Interesting Word Choice From Conservative Newspaper, Or Just More ‘Biased’ Reporting?
While reading the newspapers today one word popped out at me. Now I am sure the wild-eyed anti-reporter types will see this as more evidence that the devil’s workers are steaming ahead at every turn. But for the mature ones in the nation the word underscores concern what many feel about the Trump White House leaning into Putin’s arms and the lack of credibility from the Oval Office on this matter being demonstrated in the weeks since the inauguration. The word was a solid choice that defines the whole argument taking place among some in the government.
That the story appeared in the conservative Wall Street Journal—and yes as a liberal I read it for it excellent writing and my desire to have opposing viewpoints from the OP/Ed pages–makes a real statement about the unease that is evident in the land.
It goes without saying no other candidate for the White House ever embraced a Russian leader more than Trump did with President Putin. No other election in our history has been challenged due to outside influence such as those alleged against Russia. Had this happened to a Democratic administration impeachment proceedings would already be underway. I add this for context as the lack of regard to real national security matters as relating to Russia goes unheeded in this White House.
So will conservatives find the word, given the background of the past year, biased? Or will they have to agree that the word, though weighted, to be indeed proper?
The White House has tapped Fiona Hill, a highly regarded Russia scholar, to be the National Security Council’s senior director for Europe and Russia, an administration official said.
The Trump administration’s selection of Ms. Hill would bring a top expert with a sober view of Russian President Vladimir Putin to advise President Donald Trump as questions about his aides’ connections to Moscow continue to swirl.

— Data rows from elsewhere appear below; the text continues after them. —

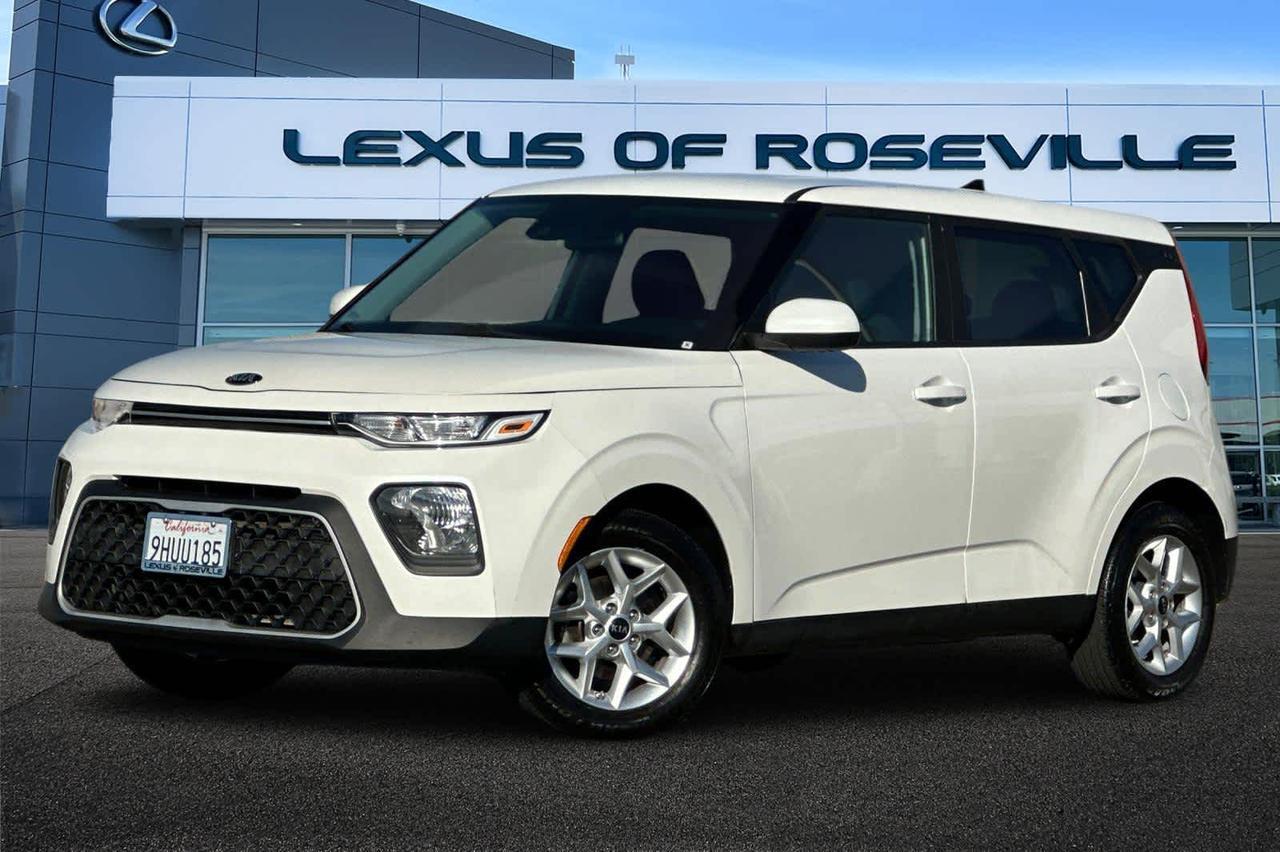 2020 Kia Soul S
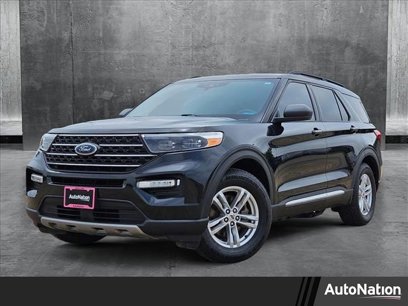 Used 2020 Ford Explorer XLT w/ Equipment Group 202A
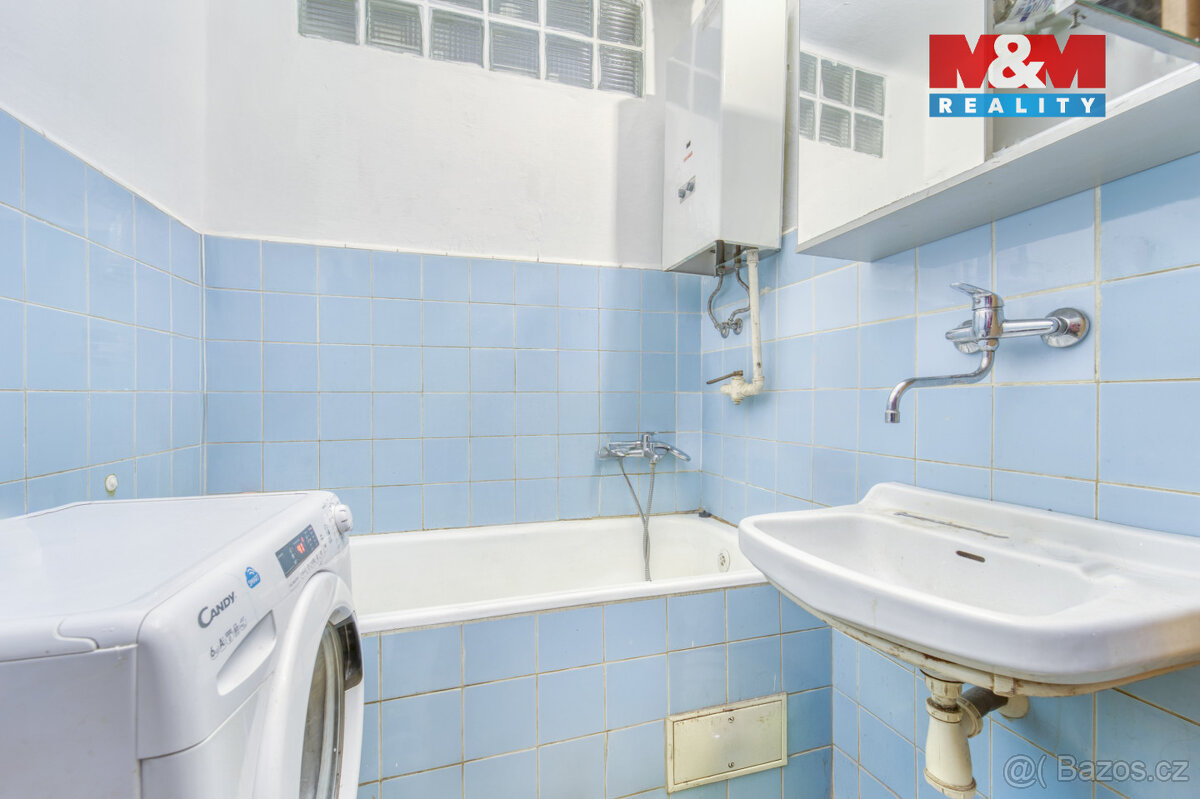 Prodej bytu 3+1, 72 m², Plzeň, ul. Zelenohorská - 3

Ms. Hill didn’t respond to a request for comment. If she accepts the offer and joins the NSC, she would bring a somewhat skeptical view toward prospects of U.S. rapprochement with the Kremlin, which would line up with her boss, Lt. Gen. H.R. McMaster.
Her choice also could signal moderation in the White House’s Russia policy that until Gen. McMaster’s arrival, pointed more toward Mr. Trump’s pledge to warm relations with Moscow. But that pledge has been tested by differences with Russia over Ukraine and Syria, and by controversy over ties and communications between Mr. Trump’s associates and Russia.